╭──

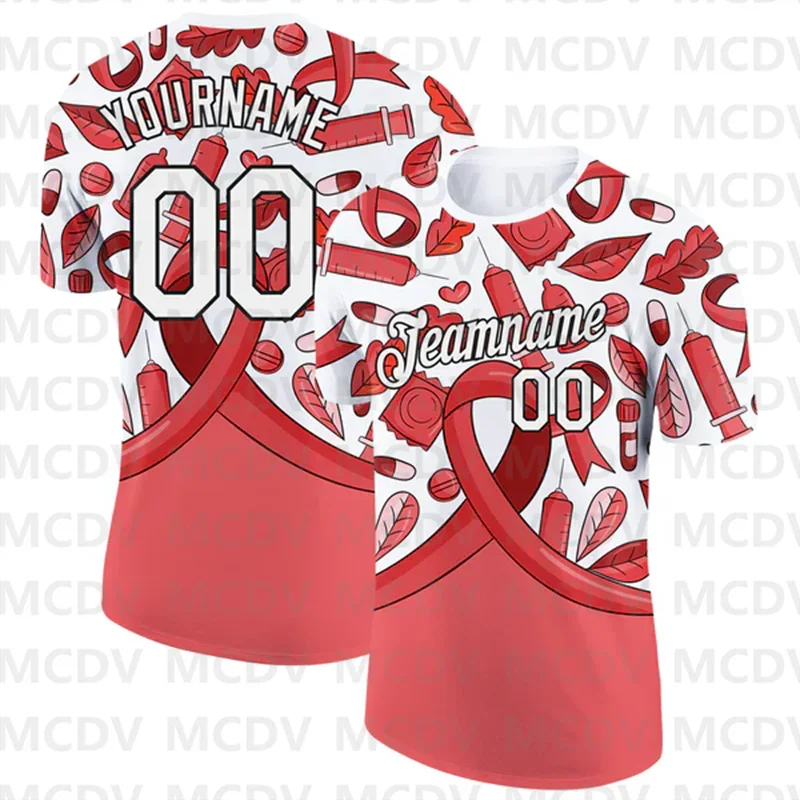 Custom Light Blue White 3D Pink Ribbon Breast Cancer Performance T-Shirt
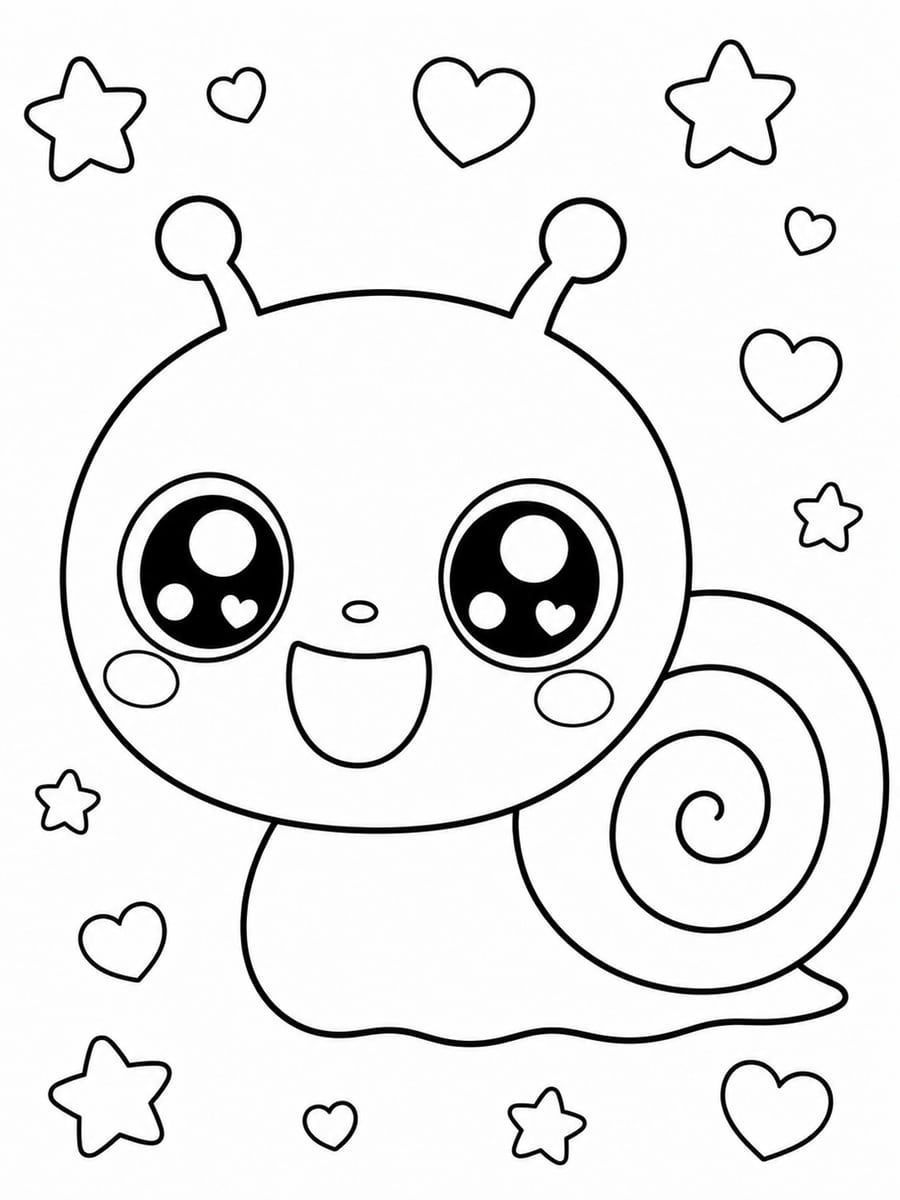 Coloriage escargot kawaii
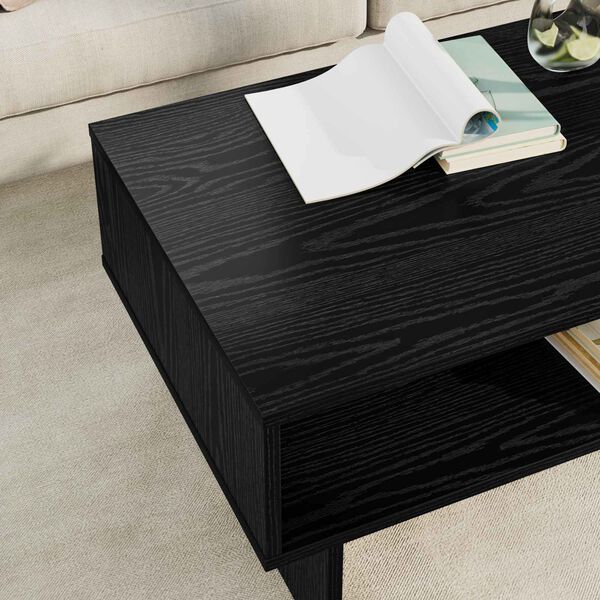 vidaXL Table basse Ch&ecirc;ne noir 80 x 46 x 35 cm Bois d'ing&eacute;nierie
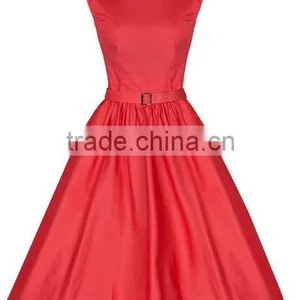 Walson Wholesale Hot New Summer Women Casual Dresses Retro Party Robe Rockabilly 50s Black Vintage Dress thumbnail-3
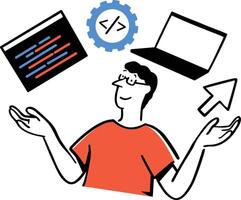 A flat style man building UI and app interfaces, surrounded by gear icons, HTML tags, and screen mockups. vector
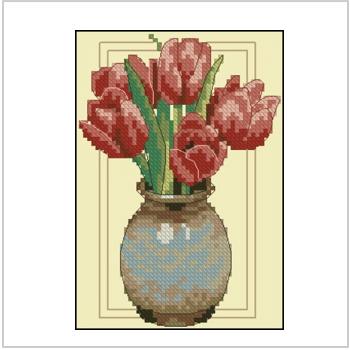 Схема вышивки крестом "Тюльпаны в глиняной вазе"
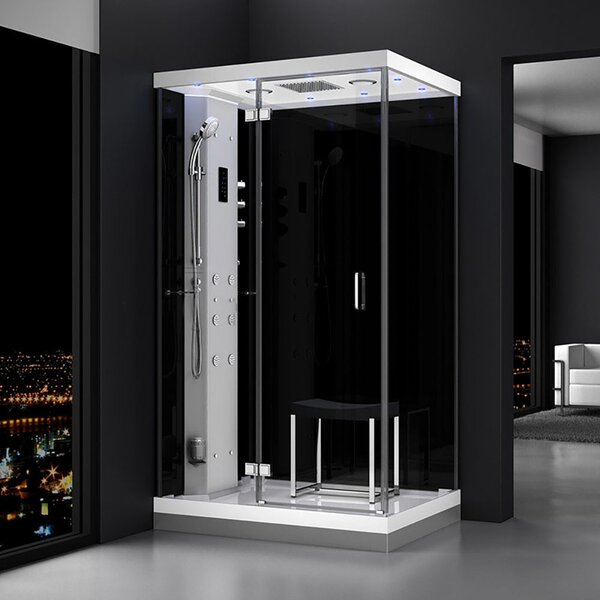 M-SPA - Levý černý sprchový box s hydromasáží a parní saunou 120 x 90 x 217 cm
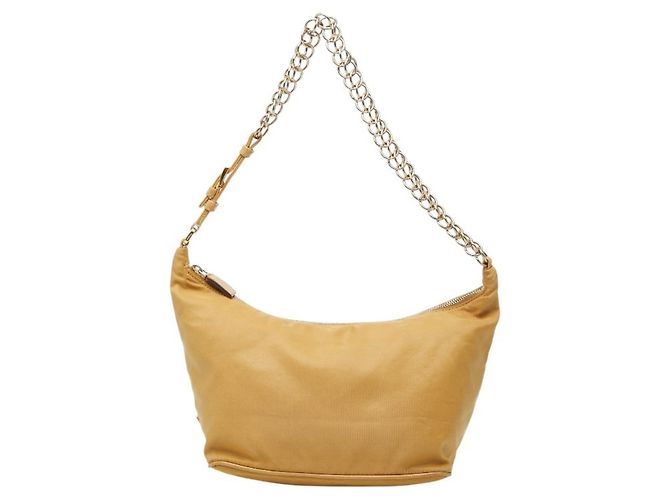 Borsa a spalla con catena e logo Prada Beige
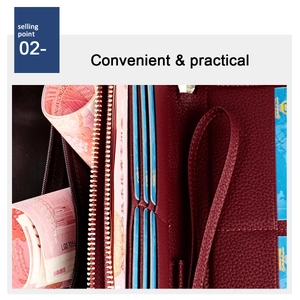 Detail of burgundy leather RFID wallet showing card slots and zipper compartment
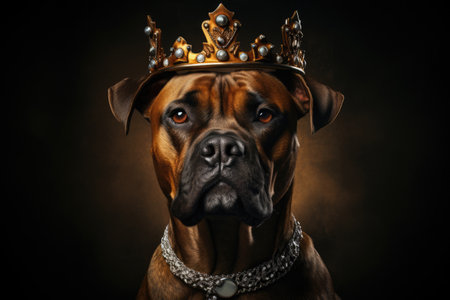 Pampered dog wearing a royal crownの素材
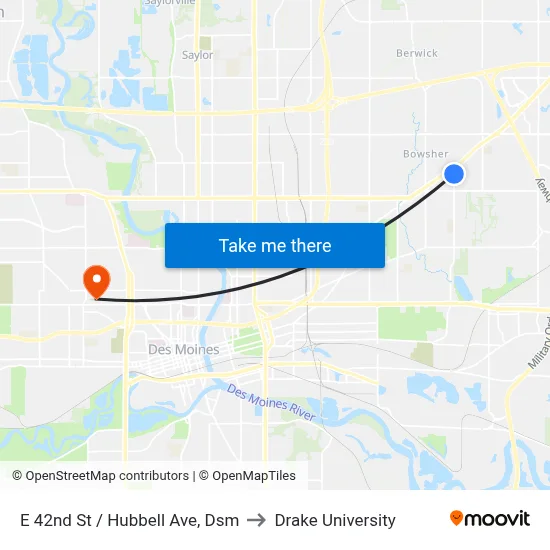 E 42nd St / Hubbell Ave, Dsm to Drake University map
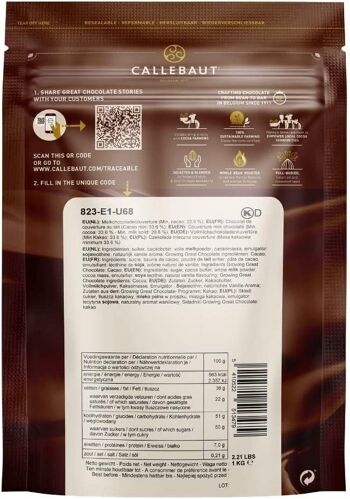 CALLEBAUT N°823 - Select 33,8 % -Parfait alliance de cacao, lait, et caramel (lait 20,8 %, cacao 33,8 %) - 1 kg 2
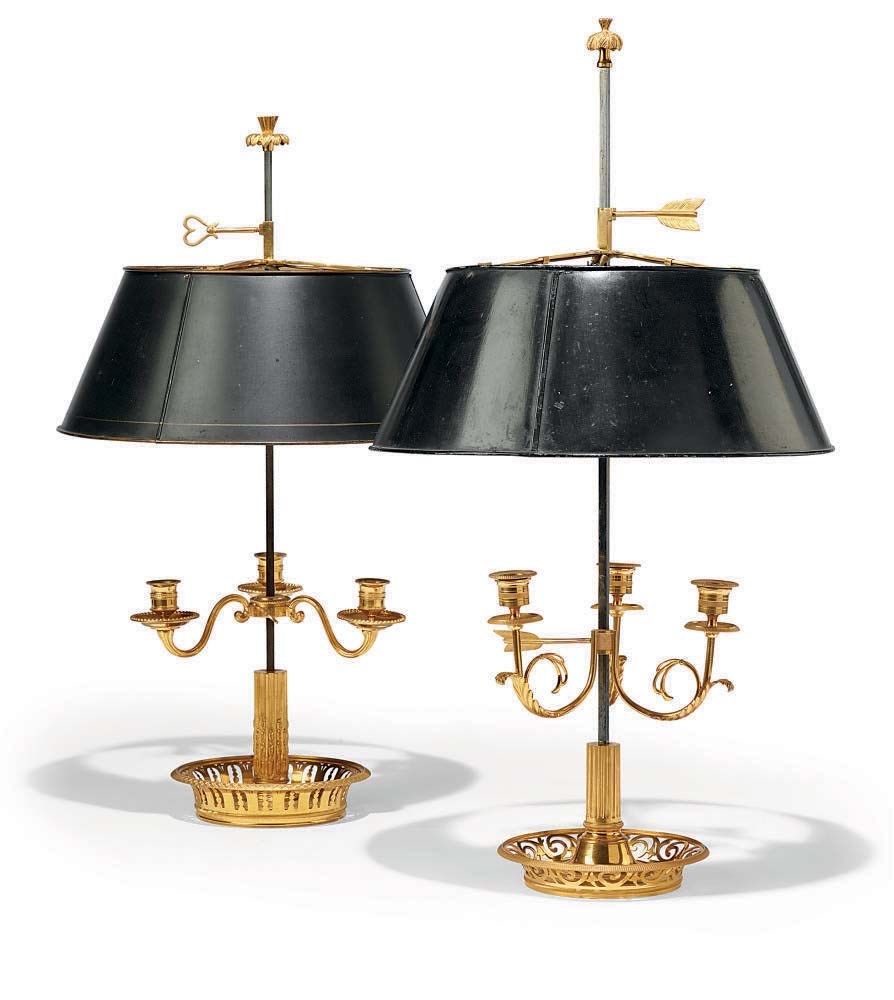 TWO FRENCH ORMOLU AND DARK GREEN TOLE LAMPE BOUILLOTTES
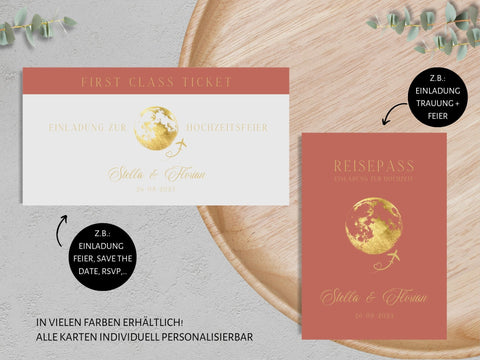 Hochzeitseinladung Reisepass Bordkarte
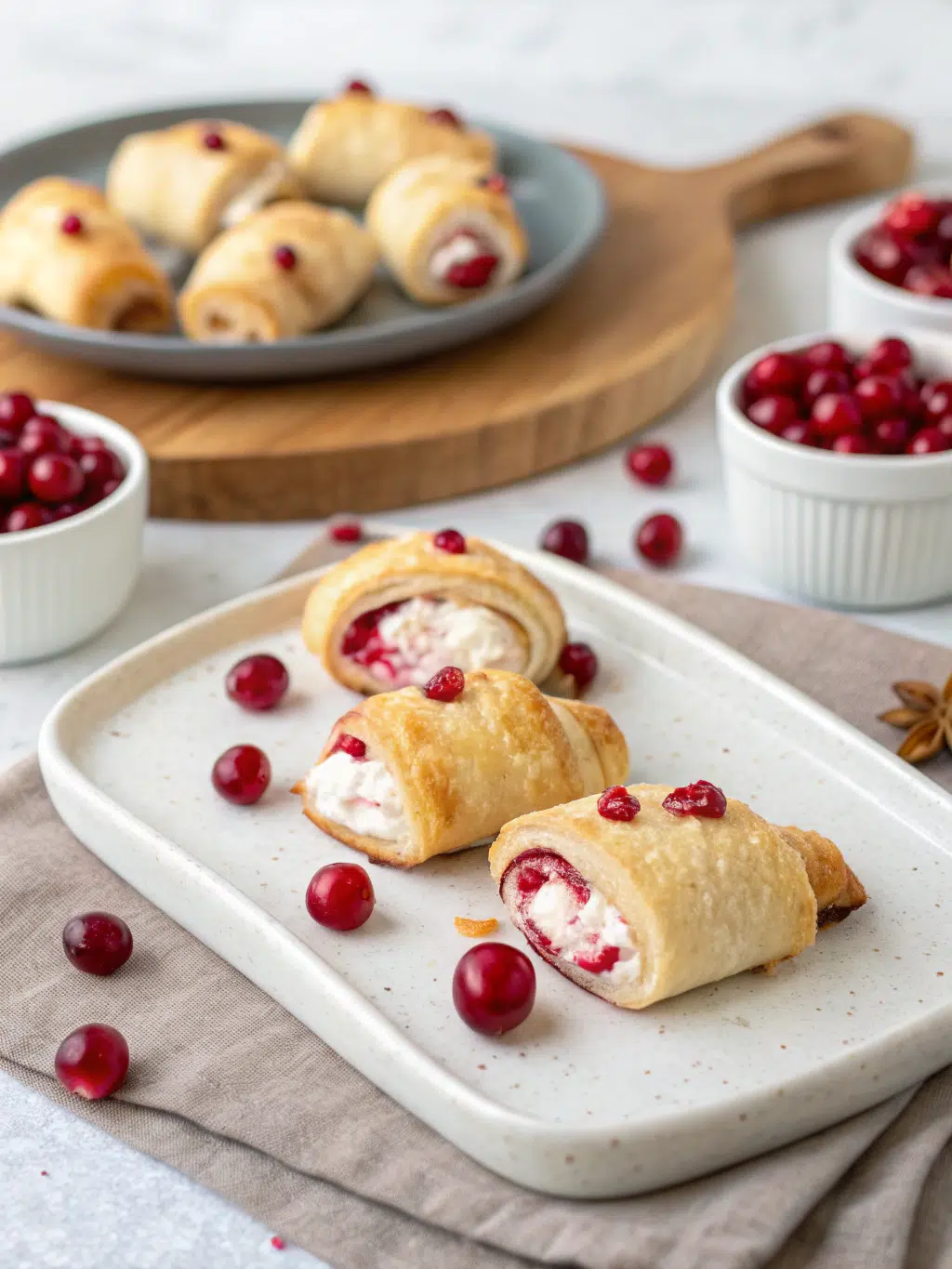 Cranberry Cream Cheese Crescent Bites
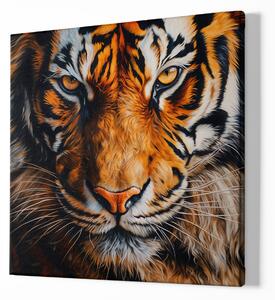 FeelHappy Obraz na plátně - Tygr, Mocný pohled, Makro portrét, Králové divočiny Velikost obrazu: 140 x 140 cm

╰──

### What needs to be done:
What is needed is an exact repeat of every entry above, with the pictures left out.

### Written solution:
 Custom Light Blue White 3D Pink Ribbon Breast Cancer Performance T-Shirt
 Coloriage escargot kawaii
 vidaXL Table basse Ch&ecirc;ne noir 80 x 46 x 35 cm Bois d'ing&eacute;nierie
 Walson Wholesale Hot New Summer Women Casual Dresses Retro Party Robe Rockabilly 50s Black Vintage Dress thumbnail-3
 A flat style man building UI and app interfaces, surrounded by gear icons, HTML tags, and screen mockups. vector
 Схема вышивки крестом "Тюльпаны в глиняной вазе"
 M-SPA - Levý černý sprchový box s hydromasáží a parní saunou 120 x 90 x 217 cm
 Borsa a spalla con catena e logo Prada Beige
 Detail of burgundy leather RFID wallet showing card slots and zipper compartment
 Pampered dog wearing a royal crownの素材
 E 42nd St / Hubbell Ave, Dsm to Drake University map
 CALLEBAUT N°823 - Select 33,8 % -Parfait alliance de cacao, lait, et caramel (lait 20,8 %, cacao 33,8 %) - 1 kg 2
 TWO FRENCH ORMOLU AND DARK GREEN TOLE LAMPE BOUILLOTTES
 Hochzeitseinladung Reisepass Bordkarte
 Cranberry Cream Cheese Crescent Bites
 FeelHappy Obraz na plátně - Tygr, Mocný pohled, Makro portrét, Králové divočiny Velikost obrazu: 140 x 140 cm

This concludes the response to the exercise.